**Try it**
Restate all the lines below word for word, but omit the pictures.

**Given material**
-*-*-

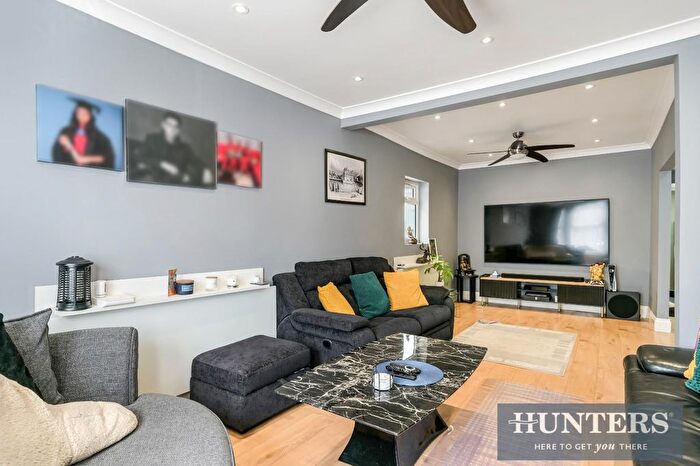 5 Bedroom Semi Detached House For Sale In Cromwell Road, Hounslow, TW3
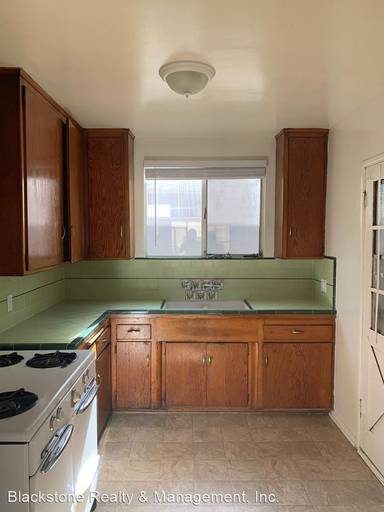 Main picture of 1146 N Ogden Dr
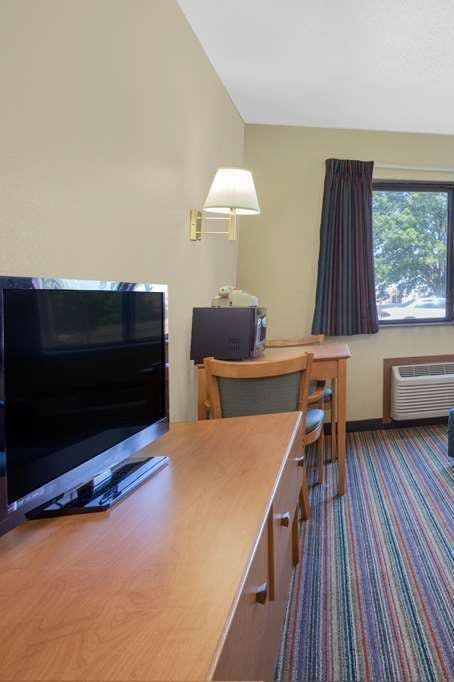 Hotel Super 8 by Wyndham Evansville East photo 4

-*-*-

**Exercise response**
 5 Bedroom Semi Detached House For Sale In Cromwell Road, Hounslow, TW3
 Main picture of 1146 N Ogden Dr
 Hotel Super 8 by Wyndham Evansville East photo 4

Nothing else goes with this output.